Dealing with datasets that contain missing values can be a challenge. This is especially so if the remaining non-missing values are not representative and thus provide a distorted, biased picture of the overall population.

In this tutorial we demonstrate how MOSTLY AI can help to close such gaps in your data via "Smart Imputation". By generating a synthetic dataset that doest not contain any missing values, it is possible to create a complete and sound representation of the underlying population. With this smartly imputed synthetic dataset it is then straightforward to accurately analyze the population as if all values were present in the first place.

For this tutorial, we will be using a modified version of the UCI Adult Income dataset, that itself stems from the 1994 American Community Survey by the US census bureau. This reduced dataset consists of 48,842 records and 10 mixed-type features. We will replace ~30% of the values for attribute `age` with missing values.
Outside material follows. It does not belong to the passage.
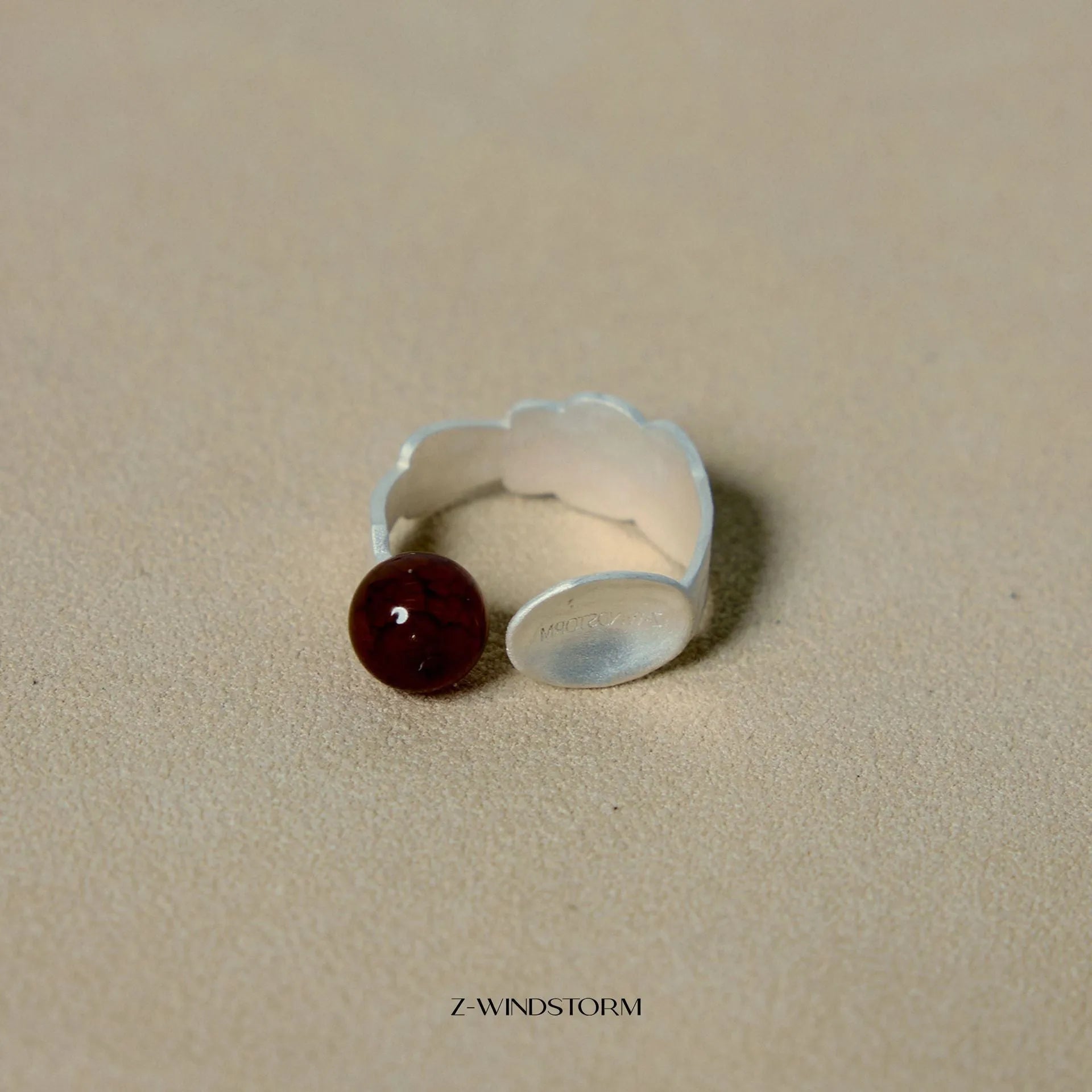 Small electroplated alloy jewellery piece with a diamond shape, shown as a bracelet or ring option.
We will do this randomly, but with a specified bias, so that we end up missing the age information particularly from the elder segments.
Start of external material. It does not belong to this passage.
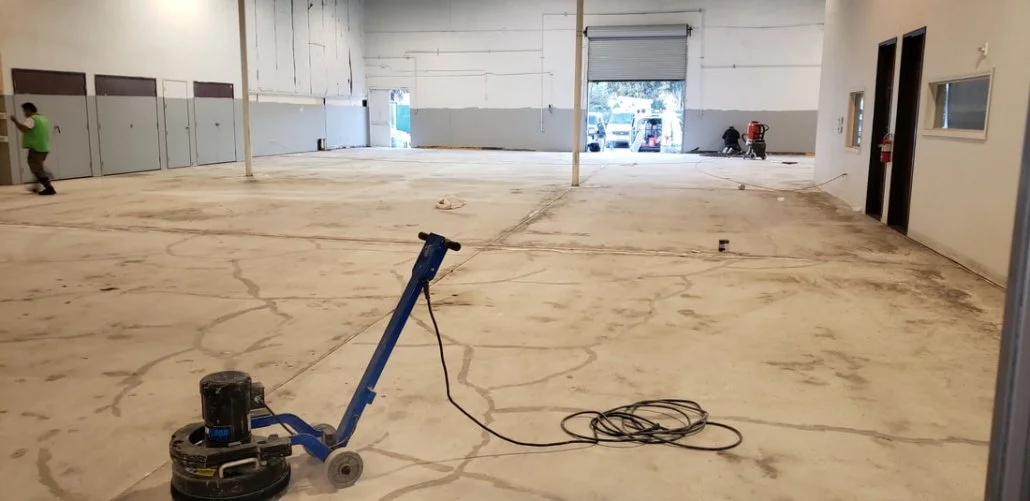 concrete surface being prepped for a decorative overlay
## Data Preparation for this Tutorial

We start by artificially injecting missing values into the original data via the following code.

In [None]:
%pip install mostlyai  # or: pip install 'mostlyai[local]'

In [None]:
import pandas as pd
import numpy as np

df = pd.read_csv("https://github.com/mostly-ai/public-demo-data/raw/dev/census/census.csv.gz")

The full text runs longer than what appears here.